China’s criticism of Japan is intensifying rapidly. Within the context of China-Japan relations, the current campaign is unprecedented by any historical measure. It has three distinct characteristics.
First, following Japanese Prime Minister Sanae Takaichi’s remarks about Taiwan on November 7, 2025, critics in China doubled down on existing issues, including the problem of treated water from the Fukushima Daiichi nuclear power plant and the theory of the San Francisco Peace Treaty’s invalidity, expanding them into a narrative of “new militarism.” More recently, the scope of the rhetoric has widened further, to include the 80th anniversary of the International Military Tribunal for the Far East along with the Treaty of Shimonoseki, signed on April 17, 1895. When a Japan Maritime Self-Defense Force (JMSDF) vessel transited the Taiwan Strait on April 17, 2026, Chinese critics were quick to note that the date coincided with the anniversary of the Treaty of Shimonoseki, suggesting it had been deliberately chosen. From a Japanese government perspective, while officials may recall the year of the treaty, it is extremely rare to remember the exact date; this particular line of criticism likely came as a complete surprise. Beijing has thus assembled a remarkably diverse arsenal of grievances, ranging from the Treaty of Shimonoseki to the San Francisco Peace Treaty, and from Fukushima to “new militarism.” The sheer breadth of the campaign is one of its defining features.

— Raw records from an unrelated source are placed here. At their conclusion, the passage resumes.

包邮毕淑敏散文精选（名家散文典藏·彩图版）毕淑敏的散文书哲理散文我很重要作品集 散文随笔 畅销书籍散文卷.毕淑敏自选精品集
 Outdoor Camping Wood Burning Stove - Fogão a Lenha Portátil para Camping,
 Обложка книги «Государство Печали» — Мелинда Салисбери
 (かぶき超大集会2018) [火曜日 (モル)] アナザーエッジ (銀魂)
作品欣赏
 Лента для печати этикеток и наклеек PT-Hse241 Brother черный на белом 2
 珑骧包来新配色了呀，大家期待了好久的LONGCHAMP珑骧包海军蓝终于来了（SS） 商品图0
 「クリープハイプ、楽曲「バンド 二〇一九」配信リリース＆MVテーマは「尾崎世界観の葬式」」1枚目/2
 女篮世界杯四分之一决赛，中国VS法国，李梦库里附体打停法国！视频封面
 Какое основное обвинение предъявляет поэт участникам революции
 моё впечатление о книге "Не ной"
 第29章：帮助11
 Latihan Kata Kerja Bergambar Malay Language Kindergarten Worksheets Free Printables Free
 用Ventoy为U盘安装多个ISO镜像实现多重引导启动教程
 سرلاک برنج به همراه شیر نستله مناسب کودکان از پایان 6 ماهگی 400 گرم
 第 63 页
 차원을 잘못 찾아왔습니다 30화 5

Second, the criticism has been accompanied by concrete action. Punitive measures, including a suspension of seafood imports, restrictions on rare earth exports, the application of security provisions, and restrictions on travel to Japan, are gradually expanding. The verbal and the material are thus working in tandem. Moreover, the discourse criticizing Japan is deeply intertwined with China’s broader Western Pacific policy: the theory of the San Francisco Peace Treaty’s invalidity feeds the argument that Taiwan’s undetermined status is not recognized, and that Okinawa’s status is similarly unresolved. Within China, the government has firmly defined Taiwan’s status and expressed strong doubts about any undetermined-status theory derived from the San Francisco Peace Treaty. As for Okinawa, however, it is only “scholars” who are advancing the undetermined-status argument; the government has made no explicit statements on the matter. The rhetoric surrounding Taiwan and Okinawa, and the criticism of Japan, is thus linked to China’s military push beyond the First Island Chain to the Second Island Chain, and above all to its policy of unifying Taiwan with the mainland.
Third, there is the question of coordination with domestic debates within Japan. The intent appears to be not only to demonstrate to the Chinese public that voices in Japan sympathize with China’s position, but also to resonate with specific segments of Japanese public opinion and drive a wedge within Japanese society.
One example is the extensive coverage by Chinese media of the anti-constitutional-amendment rally led by opposition parties during Japan’s Constitution Day in May 2026, with Chinese outlets expressing strong sympathy for the demonstrators. A CCTV report on the rally featured Japanese opposition lawmakers. Such coverage is being translated into Japanese and circulating online in Japan. The quality of Chinese media’s Japanese-language output is notably high, attributable perhaps either to the use of AI or the employment of Japanese staff. Chinese media coverage is also influencing Western outlets; similar arguments are now appearing regularly in English and other languages. A consistent pattern in such reports is to characterize the Takaichi government’s security policy revisions, which are responses to China’s growing military capabilities, shifts in U.S. strategy, and changes in the nature of warfare, as “new militarism” — framing a response to new realities as a reversion to old ones.
The Japanese government has not reacted with undue sensitivity to this wave of criticism. It likely calculates that responding to every provocation would only feed the escalation. It has, however, mounted some effective rebuttals. For example, in November 2025, the Chinese Embassy in Tokyo posted on social media, invoking the “enemy state clause” in the UN Charter, stating that if Japan, which it equated to an enemy state, were to take any action aimed at a policy of aggression again, the founding members of the United Nations, including China, would have the right to take direct military action without obtaining permission from the UN Security Council. In response, Japan’s Ministry of Foreign Affairs (MOFA) posted on social media that a resolution concerning the enemy state clause in the UN Charter had been adopted at the 1995 UN General Assembly, and that the clause was understood to have already become obsolete. The post noted that China itself had voted in favor of the resolution at the time and criticized China’s statement as inconsistent with the UN’s judgment.
Such rebuttals remain the exception rather than the rule, however. What should be refuted, to what extent, and by whom? Japan has yet to develop an adequate framework for answering those questions.